ALife Standards

I was thinking that if many of us are going to be creating artificial life in SL, we should eventually develop a set of standards. In particular we will need a standard way for various life forms to ask and retrieve information from each other. This will make it so that everyone's life forms can co-exist peacefully or compete fairly.

This is a bit premature, since I haven't put much thought into this and we don't have a large space devoted to Alife, but I was thinking the communication standard would be something like this:
* All life forms listen to a standard (negative) channel...
* When a life form wants to retrieve information about another (see it, smell it,, taste it), it simply sends an ask request of the form: Say(channel, (string)key);
* If a life form hears it's key on the channel, it replies back with a string (CSV) full of data... including information such as:
~ Version # (what format the rest of this data will be in; this will surely change over time)
~ Type: Plant/Animal/Robot/Other (every living thing will be one of these types; creatures should have various Types marked as edible; plants just eat sunlight)
~ Subtype or Species (needs to be decided upon and cataloged; will determine breeding and friendliness/communication)
~ Color (so that creatures may be able to form connections between colors and food/enemy/etc)
~ Visible State (agitated, calm, weak, etc.)
~ Foodquality (how much nurishment it gives if eaten)
~ perhaps various commands and channels that may be needed to interact (although these could also be standardized beforehand)
~ etc.

This way our creatures and plants will be able to intermingle, eatting each other and possibly even mating together. (It'll be funny to see a cyborg-fish develop naturally.)

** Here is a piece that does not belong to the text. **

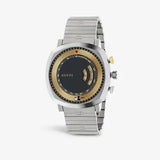 Gucci Grip Chronograph Disney Black Dial Silver Steel Strap Watch For Men - YA157307 Buy Now By Gucci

This could be a rather big undertaking, and if we do start this up, I recommend getting us a wiki somewhere.

N!Rust

This is a good idea and could possibly bear fruit . ( scuse the pun ).

I will be publicly releasing the simple email and sensor protocols for my eco system fairly soon. I'm happy to take part in discussion and even to expand my protocol to include any that might arise from this, but I'm unlikely to change the work I've already done because it's working now here's a starter if you like...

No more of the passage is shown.